Pat Thielen was the first person to trap turtles in Lake Minnetonka, a source from which he got thousands of the reptiles. He also did a lot of trapping in pot holes between Renville and Sacred Heart west to Granite Falls.

A turtle is cleaned by hanging it by its tail and cutting the shell away. “The whole thing takes five minutes if you know how,” Thielen said. “Otherwise, you’d be out there all day.” Turtles and snakes are known for having muscle movements and heart beats many hours after beheading, even more than what chickens have. After cutting off the head, some people scald them in hot water so you can scrape the skin off. Just split the shell on each side to separate the top and bottom. About one-third of the turtle’s weight is consumed in useable meat.

“Turtle meat tastes something like frog but it has a beefy taste to it as well,” Thielen said. “I guess it tastes different to everybody.”

Rubberback turtles are best prepared by French frying, according to Thielen, but snappers are tougher and should be browned first, and then roasted.
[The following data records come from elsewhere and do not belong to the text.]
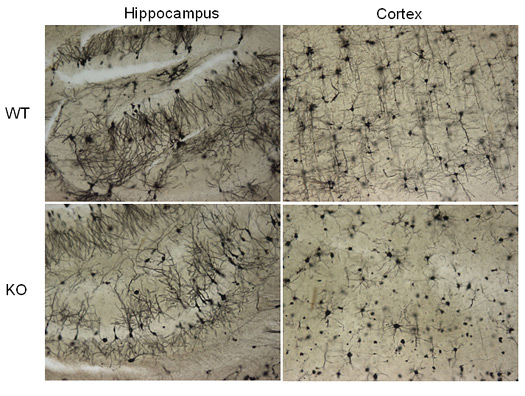 Golgi staining of br ain regions from WT and KO ß-galactosidase deficient mice.
Meganeurites, abnormal dendrites and reduction in the number of neurons are evident in the KO sections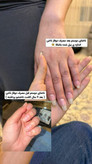 💅 سرم دوفاز عطری تقویتکننده ناخن و کوتیکول ویتابلا | آبرسان و ترمیمکننده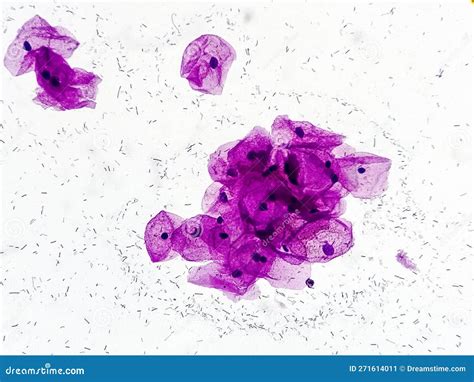 Pap S Smear Microscopic Showing Severe Inflammatory Epithelial Cells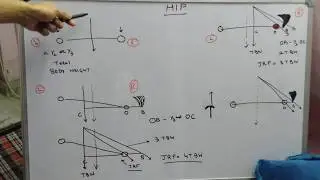 Biomechanics of Hip joint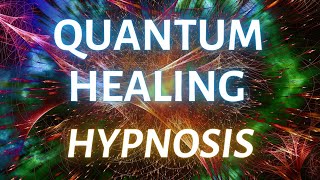 Accessing Higher Wisdom: Quantum Healing Hypnosis Session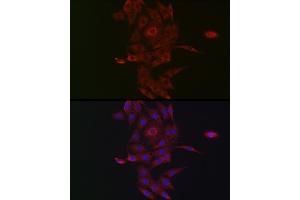 Immunofluorescence analysis of PC-12 cells using NRP2 Rabbit pAb (ABIN3016282, ABIN3016283, ABIN3016284, ABIN1681113 and ABIN6219689) at dilution of 1:50 (40x lens). (NRP2 antibody  (AA 150-420))
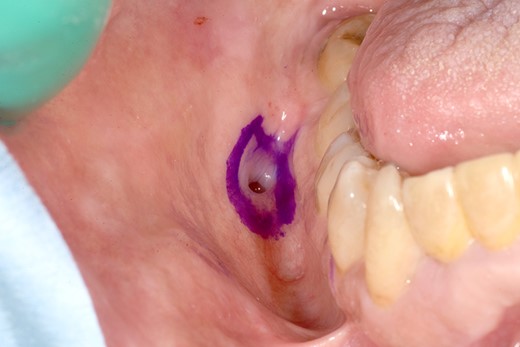 Photograph showing incision line in the oral cavity.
Snapping turtles are most often used in soup as well. An old Cajun once told David Schleper that turtle stew is so good it will “make your tongue slap your brain!”

A fishing license was required to trap turtles, and there was no limit placed on them. “Turtles will be extinct pretty soon if they don’t put some limits on them,” said Thielen in 1974. Thielen noted that “more people are trapping and eating turtles than ever before.”

A limit of three turtles is allowed, and a state license is required. In fact, most turtles are taken with traps and nets. Turtles can range in weight from 10 to 35 pounds. Turtles are found throughout Minnesota, but starting in 1984 they were listed as a “special concern species,” mostly because of the possibly detrimental effects of commercial harvest on the local populations.

Starting in 2004, commercial harvesting snapping turtles now included limiting the number of traps which could be used, restricting turtle licenses to Minnesota residents, and putting a moratorium on the sale of new licenses. Anyone who held a license prior to the rule changes was permitted to renew it and they may pass their license down one generation to their relatives. Additionally, trappers must now keep a daily log of where their traps are located and how many turtles they harvest.

Thielen had been bitten several times, and carried a knife while trapping. Of course, if someone is swimming in the Minnesota River, and one of the snapping turtles bites down on the toe, it’s going to be a long walk back to the house with an 80 pound turtle on the toe! According to Pat Thielen, “About the only way to get them off was to cut the cords in their neck!”

“If I had the turtles today that I had back in the 1930’s, I’d be a millionaire!” said Thielen in 1974. “But it was sure fun while it lasted!”

(Some information from “Shakopee Was Once Turtle Capital of Twin City Area,” Shakopee Valley News, 25 Dec 1974; “DNR Seizes 1.5 Tons of Turtle Meat,” Minneapolis Star and Tribune, 3 Nov 2015; Wikipedia; “Snapping Turtle Boneless Meat (5 lb.),” Wholey. Accessed 18 Sept 2018.)